══ DATA LISTING
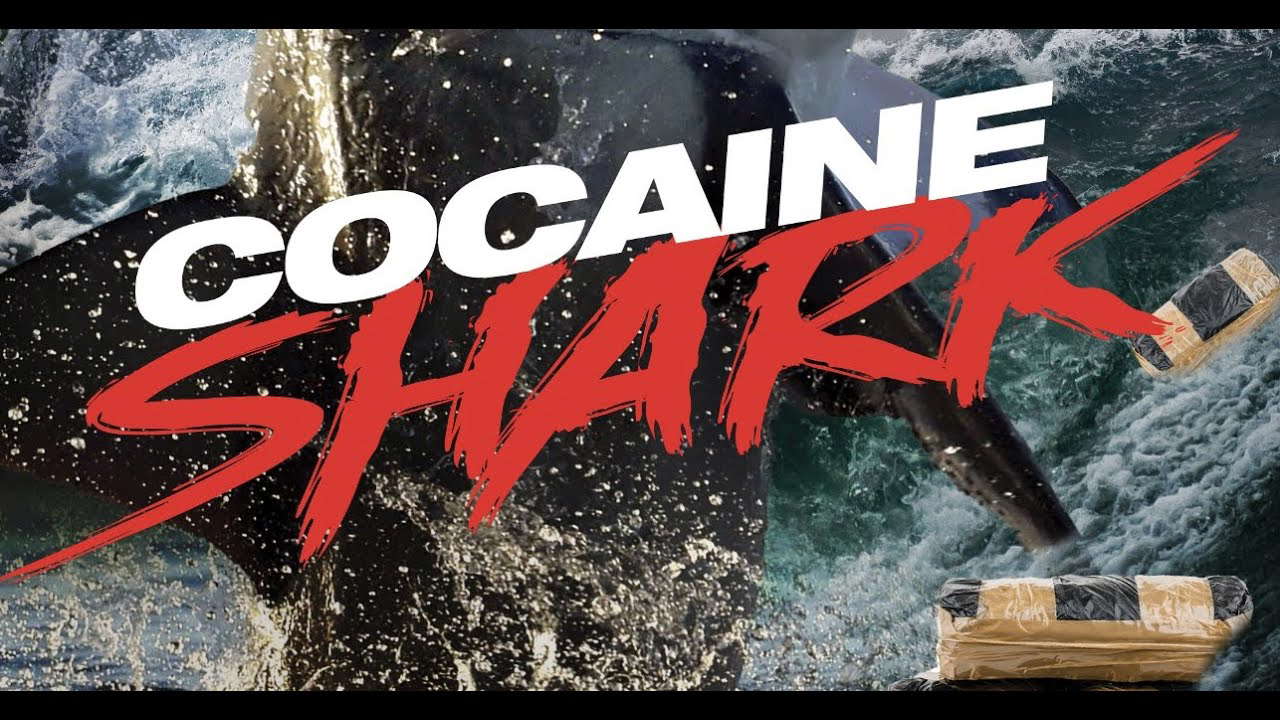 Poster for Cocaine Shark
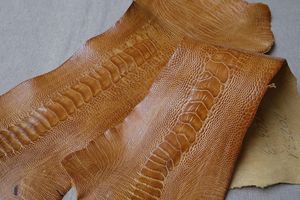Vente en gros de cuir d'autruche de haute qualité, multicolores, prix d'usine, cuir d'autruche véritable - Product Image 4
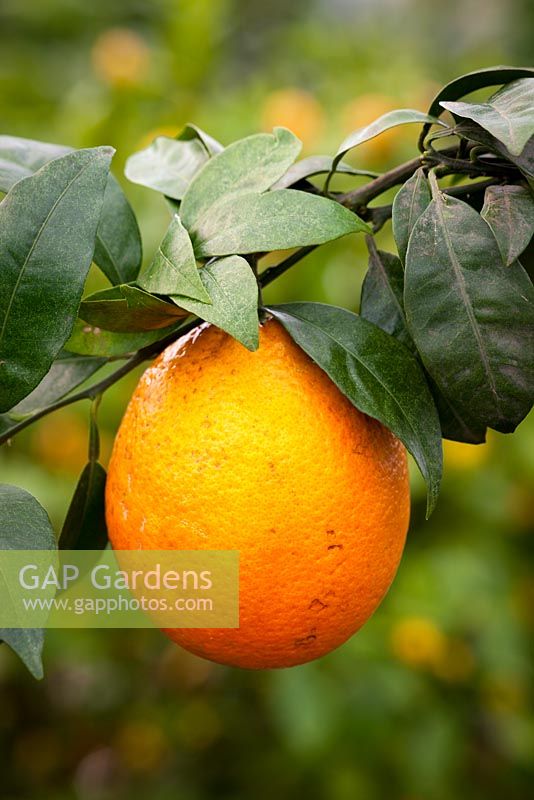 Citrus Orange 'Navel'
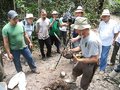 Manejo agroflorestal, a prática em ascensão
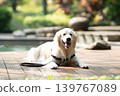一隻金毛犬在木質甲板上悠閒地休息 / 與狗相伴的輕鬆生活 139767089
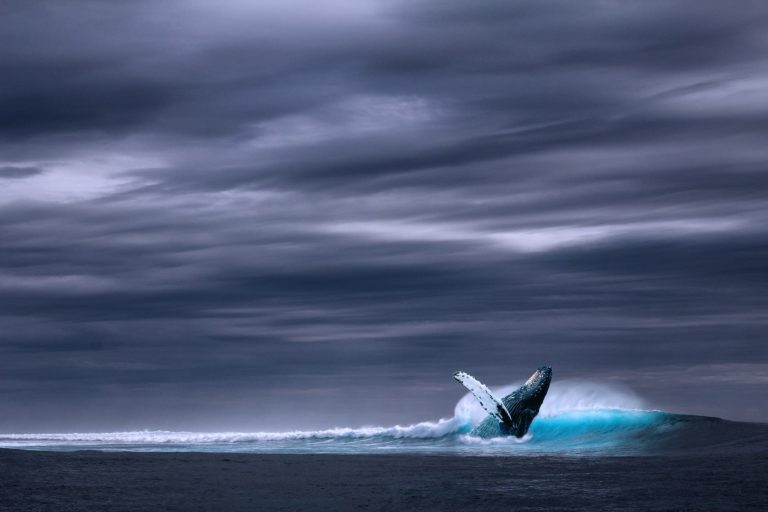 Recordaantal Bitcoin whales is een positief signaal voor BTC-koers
════
══ DATA LISTING
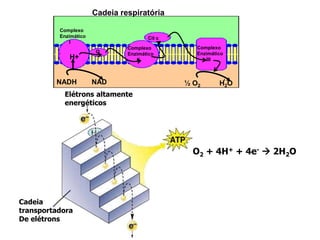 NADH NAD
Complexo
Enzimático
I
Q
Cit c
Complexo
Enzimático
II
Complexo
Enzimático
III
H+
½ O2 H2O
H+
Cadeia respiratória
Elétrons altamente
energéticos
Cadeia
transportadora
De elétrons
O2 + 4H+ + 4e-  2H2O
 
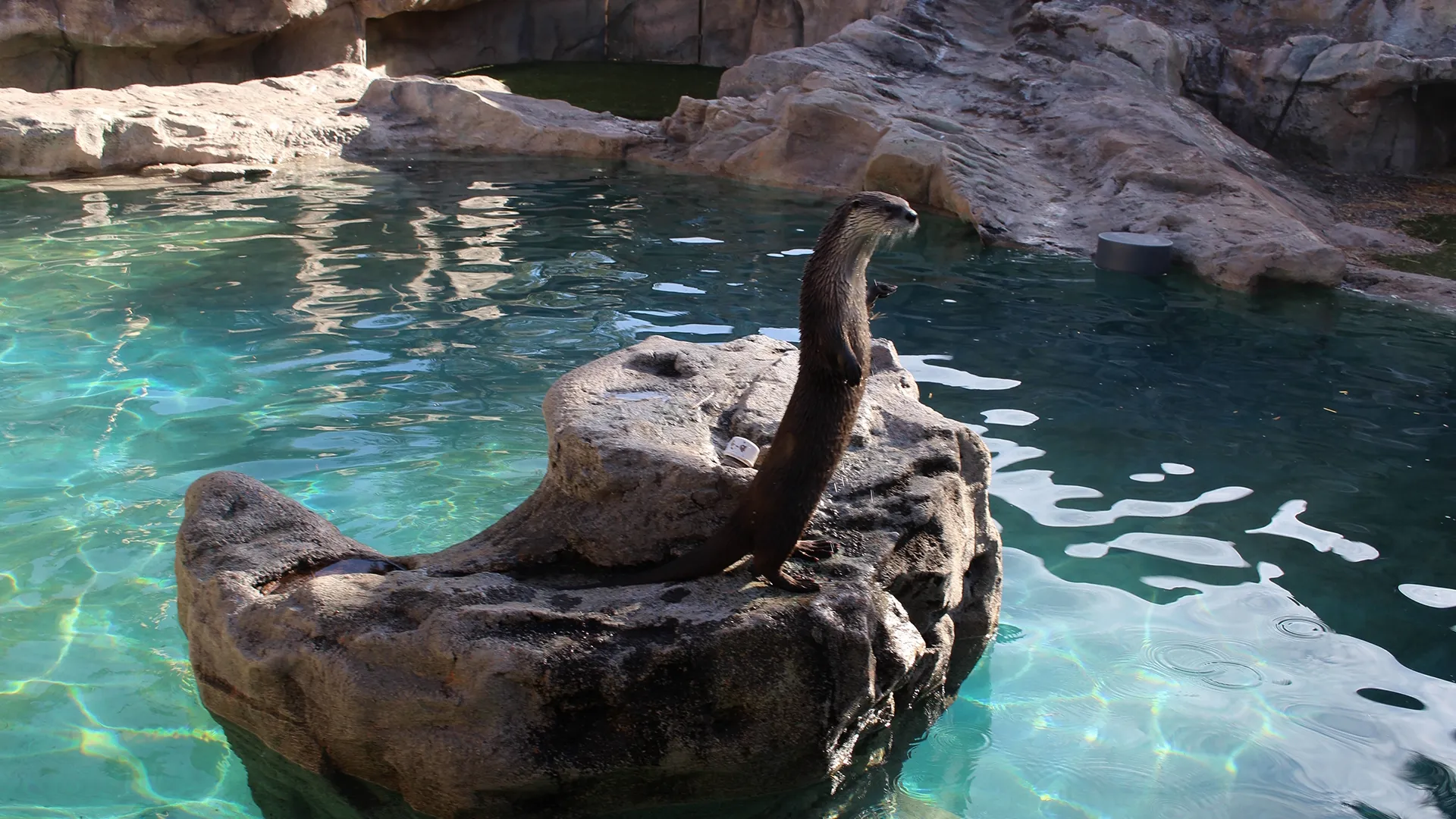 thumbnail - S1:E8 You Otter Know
════
- TASK OBJECTIVE -
What belongs in the answer is each line above from the line with "一隻金毛犬在木質甲板上悠閒地休息 / 與狗相伴的輕鬆生活 139767089" to the line with "Recordaantal Bitcoin whales", inclusive, reproduced exactly and free of pictures.

- RESPONSE TO THE EXERCISE -
一隻金毛犬在木質甲板上悠閒地休息 / 與狗相伴的輕鬆生活 139767089
 Recordaantal Bitcoin whales is een positief signaal voor BTC-koers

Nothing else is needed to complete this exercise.